K-fold CV is a method for dividing dataset into parts. The principle is summarized as to divide the 
data into k parts [11]. One piece of data is required to test a model that has been created referred to as test set. 
The rest of the k-1 data is used to create the model in classification and often called training set, alternating 
the test until all parts are used as the test set. After that, the percentage of the correct prediction is considered 
which most of the training sets are divided into three-fourths of the total data. The remainder is a test set 
which is considered as one of the most commonly used methods for predicting the data to be classified. 


2.3.2. Leave one out cross validation (LOOCV) 

LOOCYV is another method wildly accepted equally to the method one. The principle in summary 
is assuming that there are total of N data, one value will be taken out which remains N-1 to be used to create 
a model in the classification of groups [13]. After data was pulled out, calculations will keep repeating in this 
manner until all data is correct and then used for testing [14]. After that, percentage of the correct prediction 
is considered. 


2.4. Sample 

Sweet tamarind is a popular fruit highly consumed in many countries across the world including 
Thailand. Sweet tamarind can be stored for a long time. In 2019, the volume of sweet tamarind being 
exported were as high as 19,902.6 tons [24]. The value of export was 440.07 million baht. Thailand’s major 
trading partners are China, United Arab Emirates, Vietnam, the United States of America, Malaysia, 
Singapore, Indonesia, Saudi Arabia, Laos, and Kuwait. Most of them export around 70% and sell around 
30% domestically. The main countries that order most sweet tamarinds are China [25] and Vietnam, but they 
do not require high quality tamarind or grade-B products. While countries such as the United States of 
America, European countries, and the Middle East would only order high quality, or grade-A products. 

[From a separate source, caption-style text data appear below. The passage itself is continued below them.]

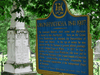 An Ontario heritage plaque honouring Oronhytekha. The plaque overlooks Orenhyateka’s family plot on the grounds of the Royal Chapel of the Mohawk at the Tyendinaga Indian Reserve near Deseronto.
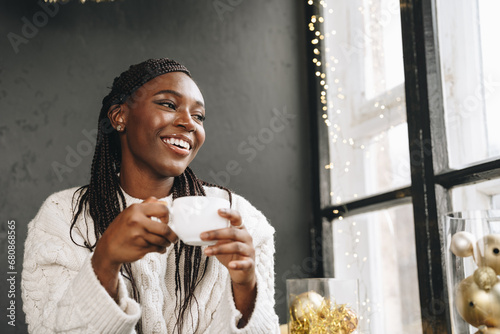 African woman in warm white sweater drinking hot coffee or tea at home photo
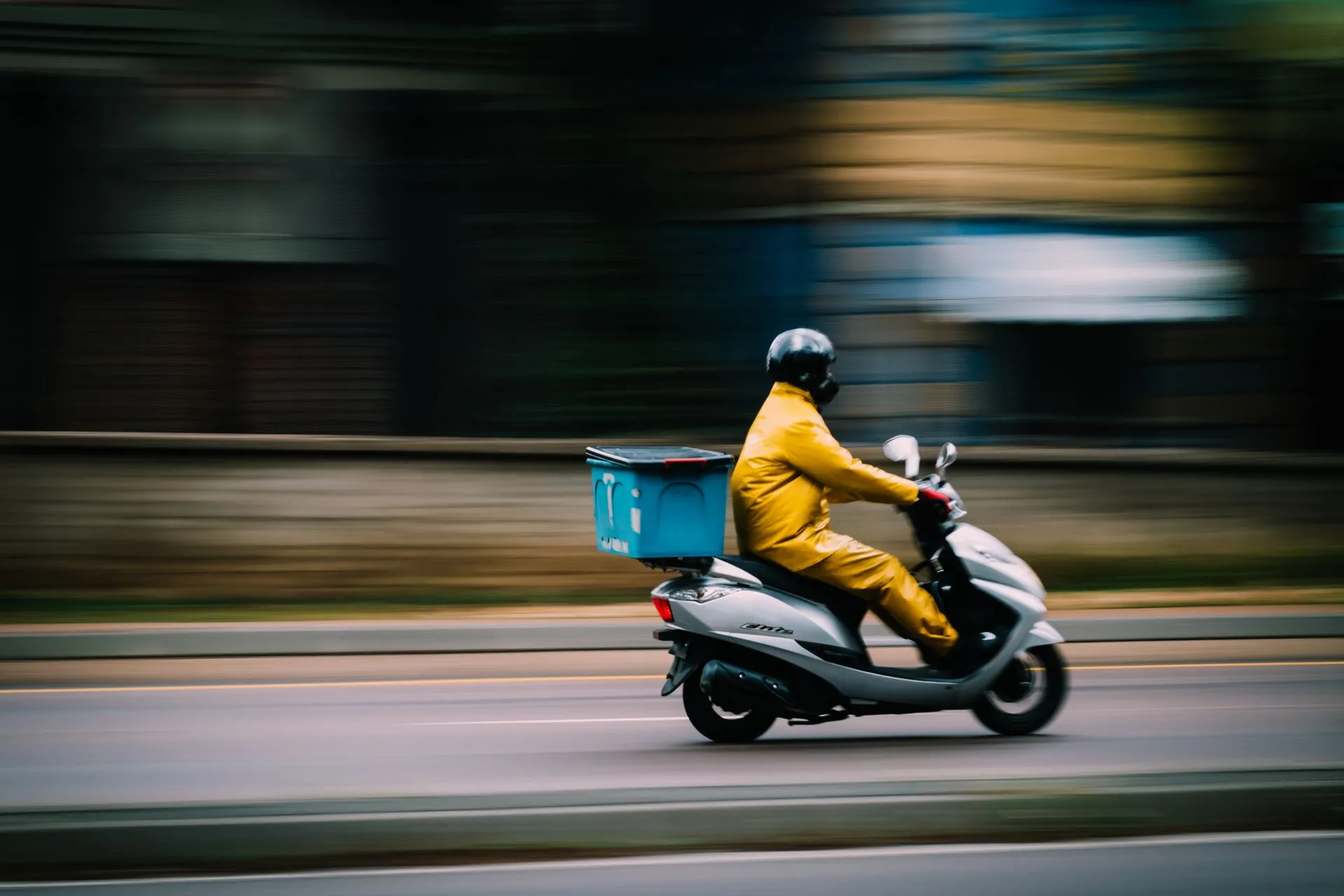 A delivery rider moving through the city on a scooter with an insulated delivery box.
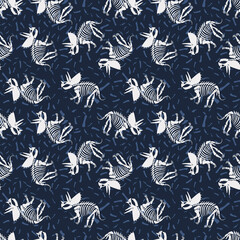 Vector triceratops seamless pattern with bones. Cute dinosaur skeletons on blue background. © Yana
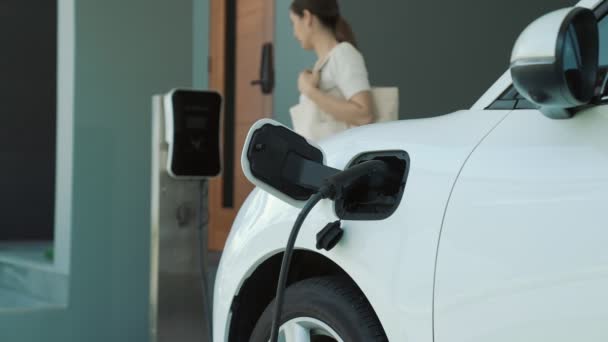Een vrouw haalt de stekker uit de elektrische oplader bij zijn woning. Concept van het gebruik van elektrische voertuigen in een progressieve levensstijl draagt bij tot een schoon en gezond milieu. - Video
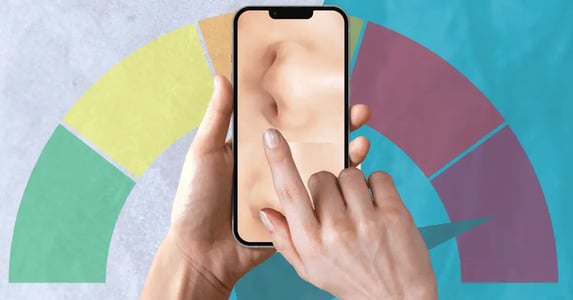 White female hands holding a smartphone showing two white noses with a meter ranging from green to red in the background.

This research investigates the feature extraction method that provides the correctness value of the 
dataset [26], [27] but the improve of previous research were to enhanced algorithm of classification 
techniques and feature extraction of texture of objects. This was done by utilizing the image processing and 
using data classification from the research of [9], [28]-[30] with feature extraction method and used to create 
criteria for sweet tamarind quality classification by image processing method. Calculating the area of an 
image in pixels and comparing the algorithm performance to classify data by defining the extraction interval 
method using sum and variance of mean number of pixels can be used to sort sweet tamarind grades and 
quality. 


3. RESEARCH METHOD 

150 pieces (pictures) of high quality golden sweet tamarind were used. The samples were divided 
into two groups depending on their sizes: 80 standard A size and 70 standard B size. A size was high quality 
than B size, that consists of 1) A size big than B size and 2) A size have a diameter larger than B size. The 
area was set for capturing the images with black background. The image of sweet tamarind must be the 
resolution of 10 million pixels. The step of research development consisted of preprocessing, feature 
extraction and evaluation as explained in Figure 1.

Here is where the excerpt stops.